Media reports suggested that the firm could be taken over by another European bank, such as BNP Paribas (BNP), ING Groep (ING) or HSBC Holdings (HBC).

Other possible scenarios included selling off Fortis assets such as its profitable insurance arm or recruiting fresh investors, Dutch daily Financieele Dagblad reported, citing sources from partially Fortis-owned institution ABN Amro.

Fortis has been in difficulty since it took part in a three-bank consortium last year that acquired ABN Amro, a EUR70 billion (US$111 billion) deal that was the largest takeover in the banking industry.

On the other side of the Channel, The Wall Street Journal reported that the U.K. government will nationalize mortgage lender Bradford & Bingley, citing a person familiar with the matter.

B&B’s stock price has fallen 28% in the past week amid worries it won’t be able to tap into enough funding to stay solvent.
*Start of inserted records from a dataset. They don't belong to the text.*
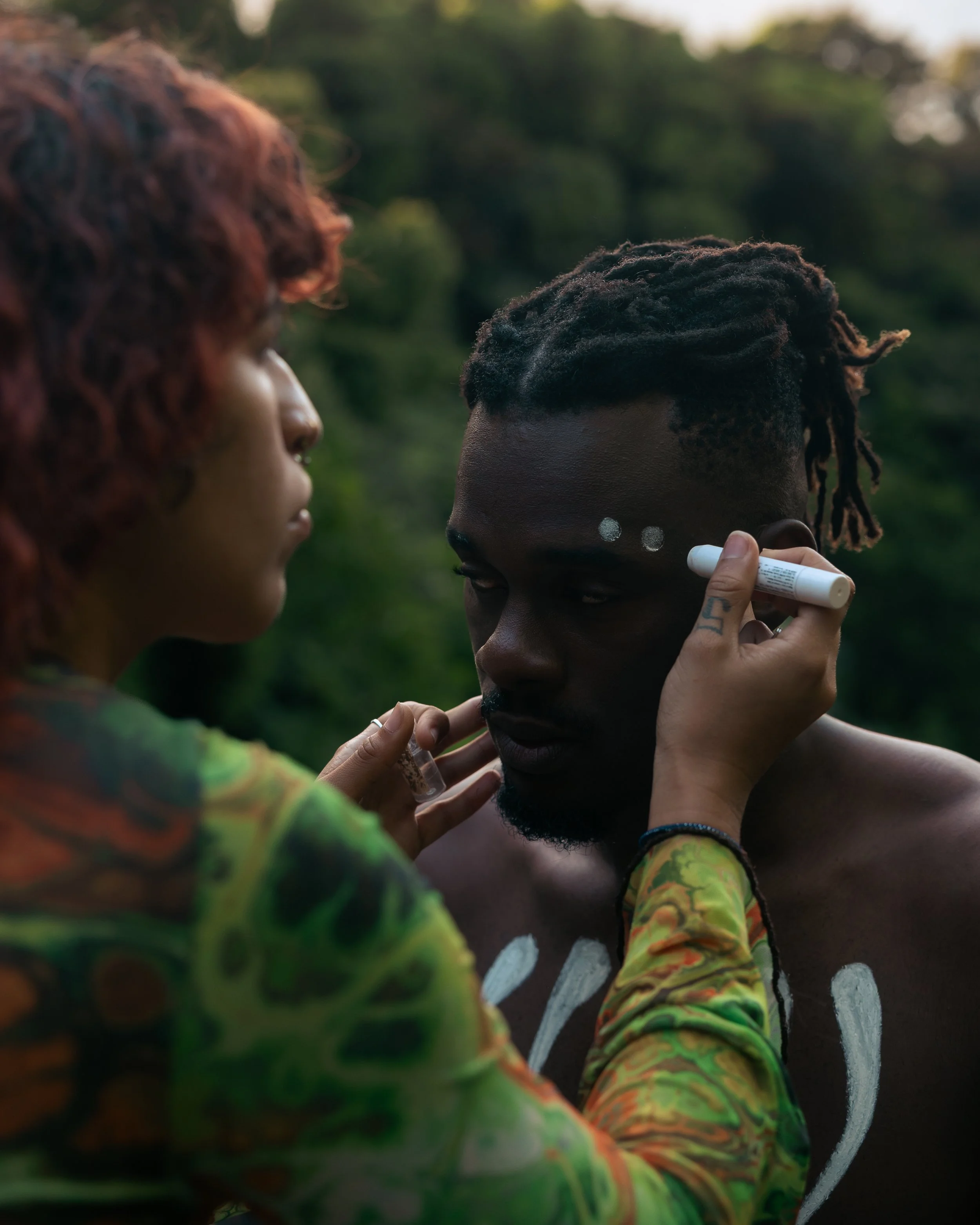 A woman with reddish hair paints white dots on a shirtless man with dark skin and dreadlocks outdoors during daytime, with a blurred green background.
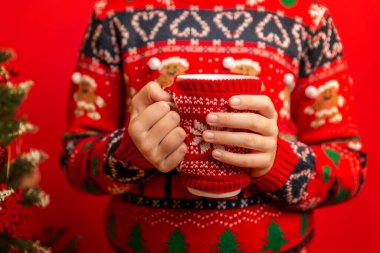 Noel süveteri giyerken elinde sıcak örülmüş bir kupa tutan çocuk, sıcak bir kış havası yaratıyor.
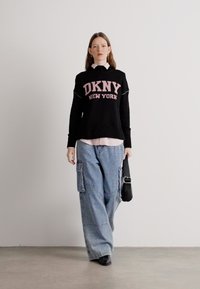 Czarny sweter z dzianiny z napisem "DKNY NEW YORK" w kolorze różowym, noszony na jasnoróżowej koszuli, w zestawie z jasnymi dżinsowymi spodniami typu cargo. Czarna torba i buty.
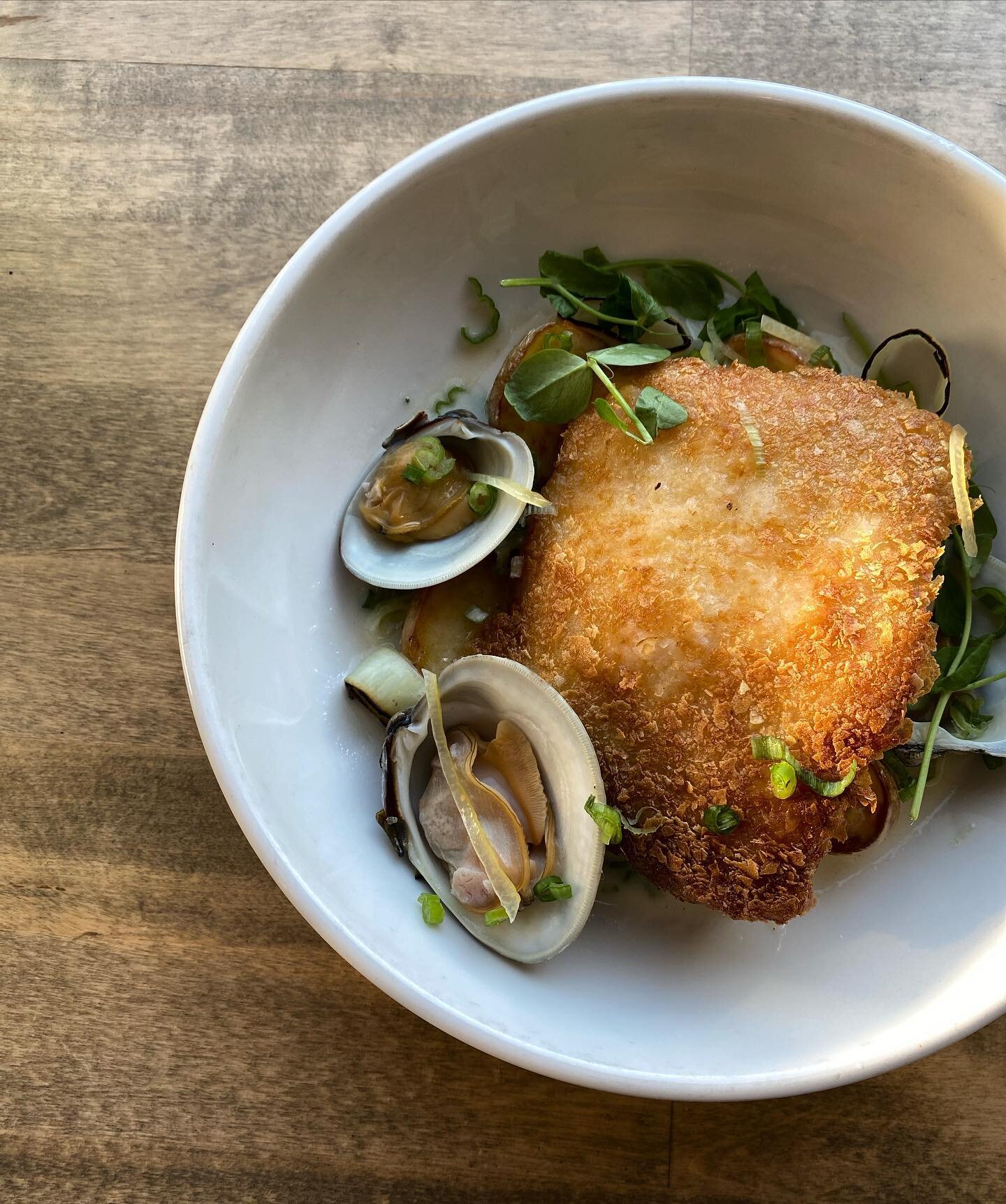 Hoping this potato-crusted cod (littlenecks, confit baby potatoes, charred leeks, + clam broth) is a welcomed ✨refresh ✨among all the sweet potatoes, brussels, &amp; cranberries on your feed. We love it all, but could use a little palate cleansing be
A spokeswoman for B&B said the bank was in talks with the Treasury and there could be an announcement Sunday, the Journal reported.

B&B is a major provider of mortgage loans for rental properties, but it has suffered more than most companies amid the downturn in the U.K. housing market. A recent Credit Suisse report said that arrears on the firm’s GBP40 billion (US$73.7 billion) mortgage-loan portfolio are nearly double the industry average.

If the nationalization occurs, it would be the U.K. government’s second this year. Mortgage lender Northern Rock was nationalized in February after it suffered a bank run.